Unfortunately, even though I have presided at liturgy for almost 28 years, I have rarely experienced liturgy where that kind of energy and vision is released. As I participated in the annual Great Lakes Bioneers Detroit 7th Annual Conference, I did experience an uplift of spirit.
Bioneers was founded in 1990 by Kenny Ausubel and Nina Simons to "describe an emerging culture." As stated on the Bioneers website, the vision of Bioneers is to gather "social and scientific innovators from all walks of life and disciplines who have peered deep into the heart of living systems to understand how nature operates, and to mimic 'nature's operating instructions' to serve human ends without harming the web of life." Their satellite conference program, Beaming Bioneers, began in 2002.
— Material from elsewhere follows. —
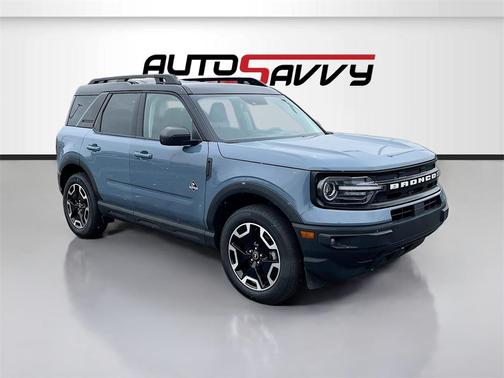 2024 Ford Bronco Sport Outer Banks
Bioneers has many different year-round programs, such as a series of documentaries throughout the year in Santa Fe, N.M., and the San Francisco Bay Area that highlights the Bioneers vision, as well as a series of radio programs. What lies at the heart of Bioneers, however, is the annual conference featuring visionaries in the application of nature's operating instructions and from the wisdom of indigenous cultures.
For a number of years, the originating site in San Rafael, Calif., has featured some of the pathfinders in the interface between understanding the natural world and application of its principles to bettering human society.
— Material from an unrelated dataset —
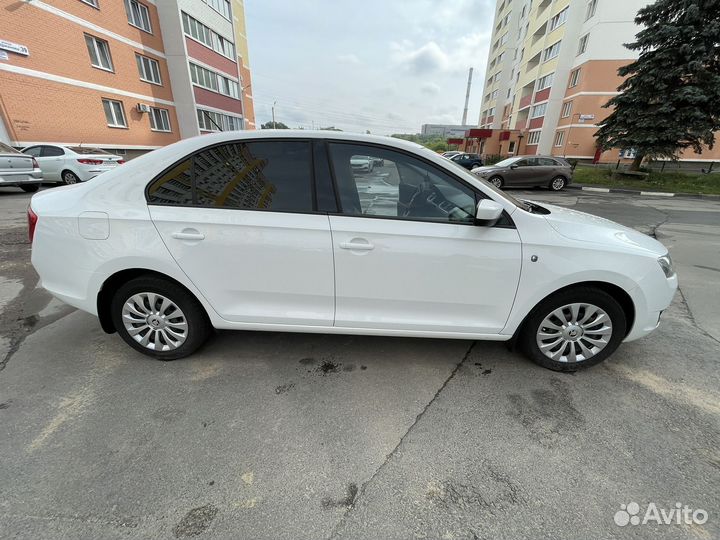 Skoda Rapid 1.6 МТ, 2017, 166 000 км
This year's plenary speakers include the fungi author Paul Stamets, Mary Evelyn Tucker of the Forum for Religion and Ecology at Yale, Philippe Cousteau Jr., champion of the ocean ecosystem and grandson of Jacques Cousteau, and many others.
Two things distinguish the Beaming Bioneers. First, the plenaries are bracketed by workshops. These workshops (or learnshops) are run by local folk who are applying and living Bioneers principles in their day-to-day vocation. Topics can range from how to recapture the commons to how to garden according to permaculture principles. Artists and music are also part of the Bioneers scene.
Second, the Bioneers conference creates a virtual community across the North American continent through satellite downlinks. This year, there are 23 sites, from Anchorage, Alaska, to Houston. The plenaries are viewed at each site, and local workshops reflective of that site's bioregion are also presented. Opportunities for networking abound.
Great Lakes Bioneers Detroit
Two IHM sisters, Gloria Rivera and Paula Cathcart, shared a vision of engaging the urban Detroit community in conversations that address our common ecological and eco-justice challenges.
After attending the conference in California, Sr. Gloria and Sr. Paula brought Bioneers to Detroit in 2005 as the first fully urban Bioneers Conference site. This year's conference took place Oct. 14-16 at Marygrove College.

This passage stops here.